** DATA FOR THIS TASK follows **

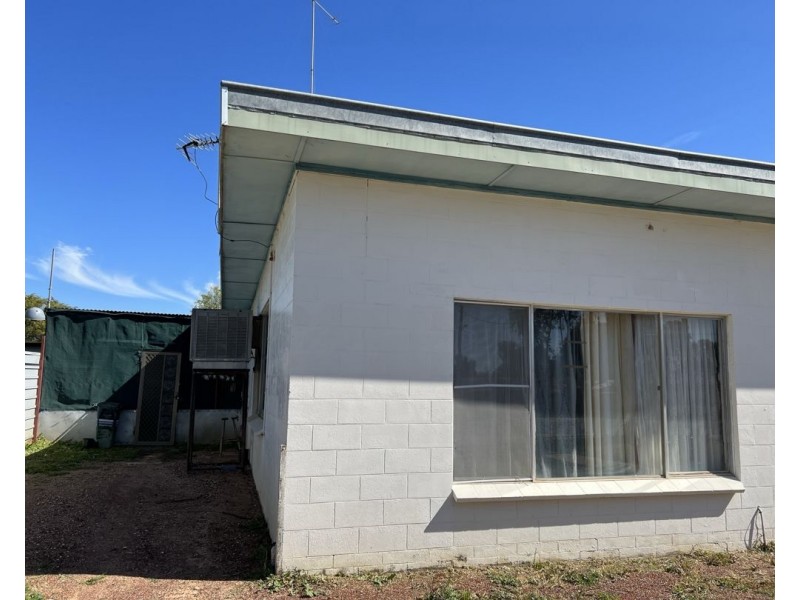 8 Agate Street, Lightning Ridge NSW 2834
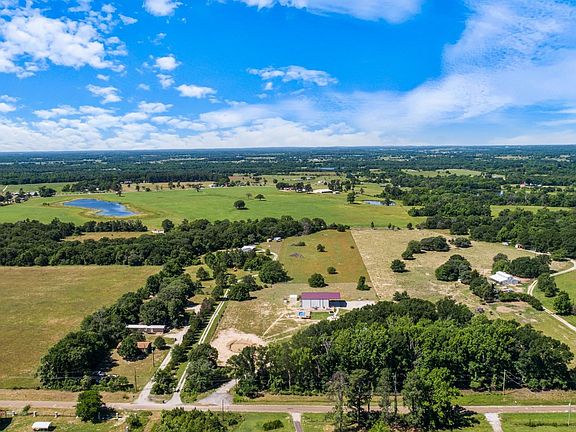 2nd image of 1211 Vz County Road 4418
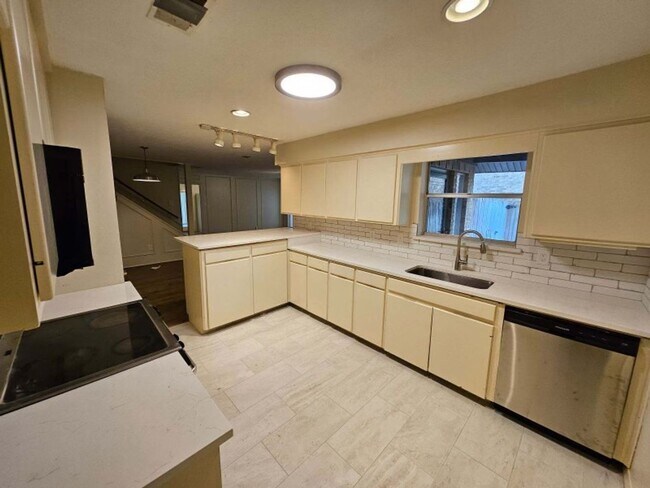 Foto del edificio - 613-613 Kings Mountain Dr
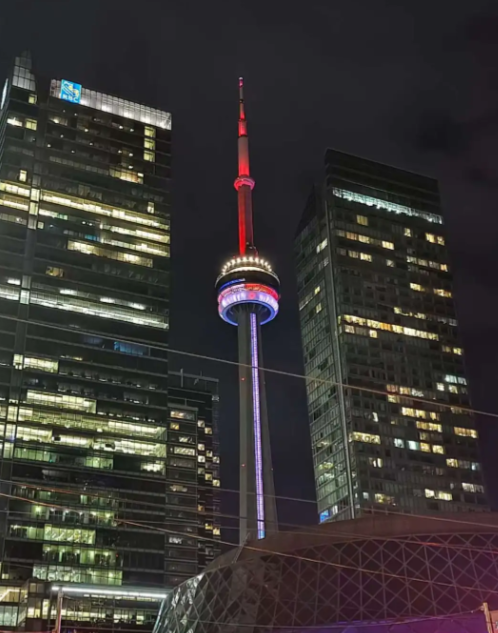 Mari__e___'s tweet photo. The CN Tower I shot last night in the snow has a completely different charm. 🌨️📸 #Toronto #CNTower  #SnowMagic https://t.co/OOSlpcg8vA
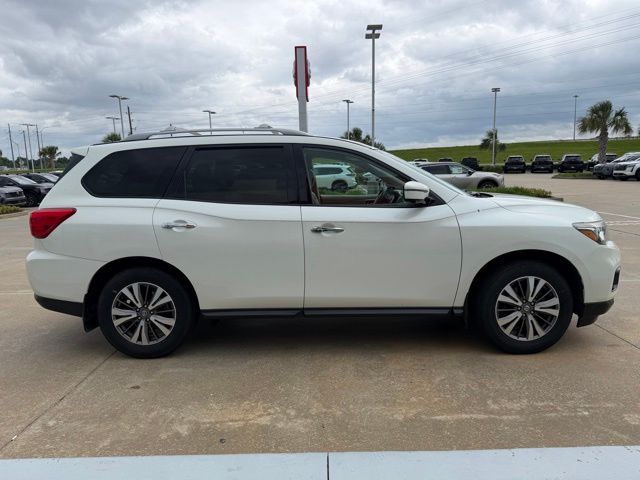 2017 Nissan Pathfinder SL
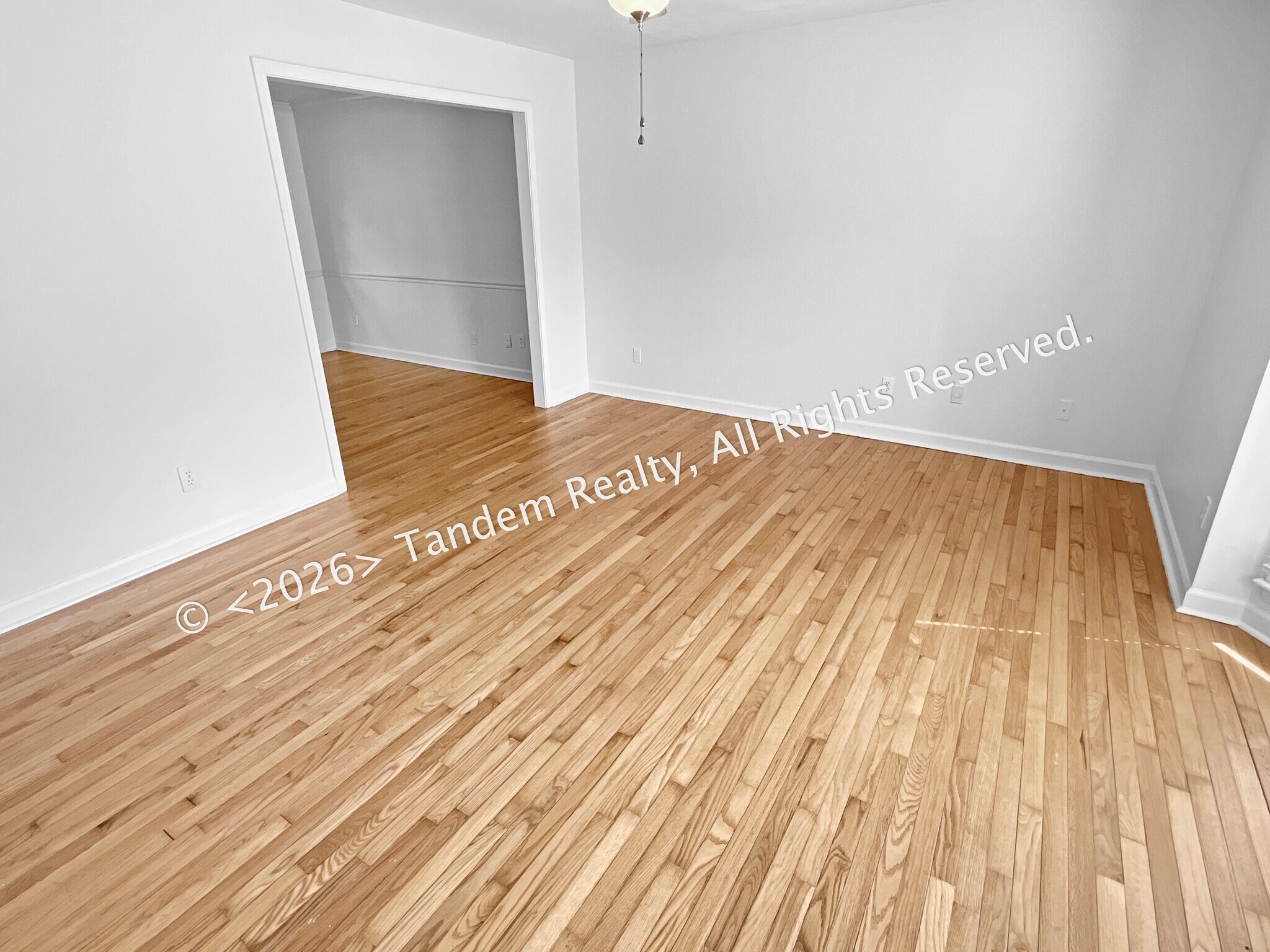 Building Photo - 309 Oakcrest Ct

** End of DATA FOR THIS TASK **

• [EXERCISE REQUIREMENTS] Return exactly the lines that begin with the one containing "Mari__e___'s tweet photo." and end with the final line of the data above; include no pictures.

• [RESPONSE TO THE EXERCISE]
 Mari__e___'s tweet photo. The CN Tower I shot last night in the snow has a completely different charm. 🌨️📸 #Toronto #CNTower  #SnowMagic https://t.co/OOSlpcg8vA
 2017 Nissan Pathfinder SL
 Building Photo - 309 Oakcrest Ct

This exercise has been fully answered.